Task prompt ▸ With images removed, return the whole listing exactly as written.

━━ Data section

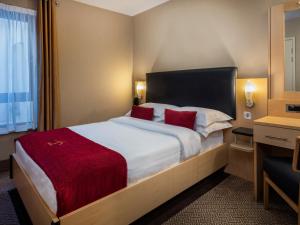 una habitación de hotel con una cama grande con almohadas rojas en Academy Plaza Hotel, en Dublín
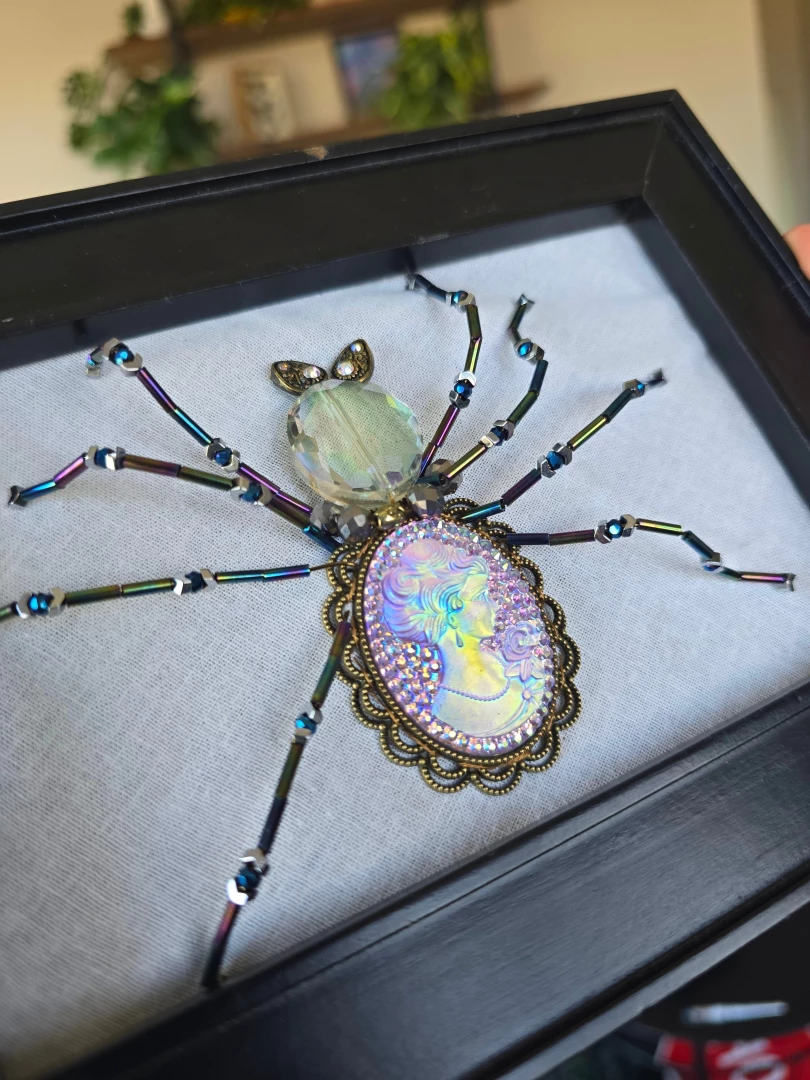 I made a bead embroidered spider go easy on me this is the first time 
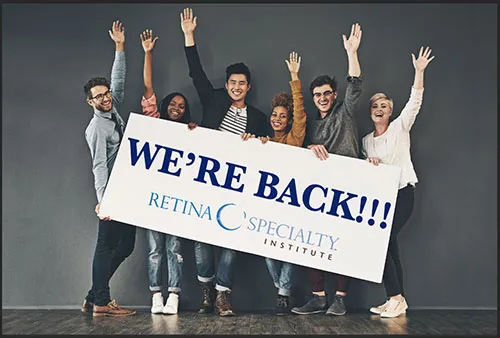 Group of people holding a We're Back sign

━━━━

Output of the exercise ▸
 una habitación de hotel con una cama grande con almohadas rojas en Academy Plaza Hotel, en Dublín
 I made a bead embroidered spider go easy on me this is the first time 
 Group of people holding a We're Back sign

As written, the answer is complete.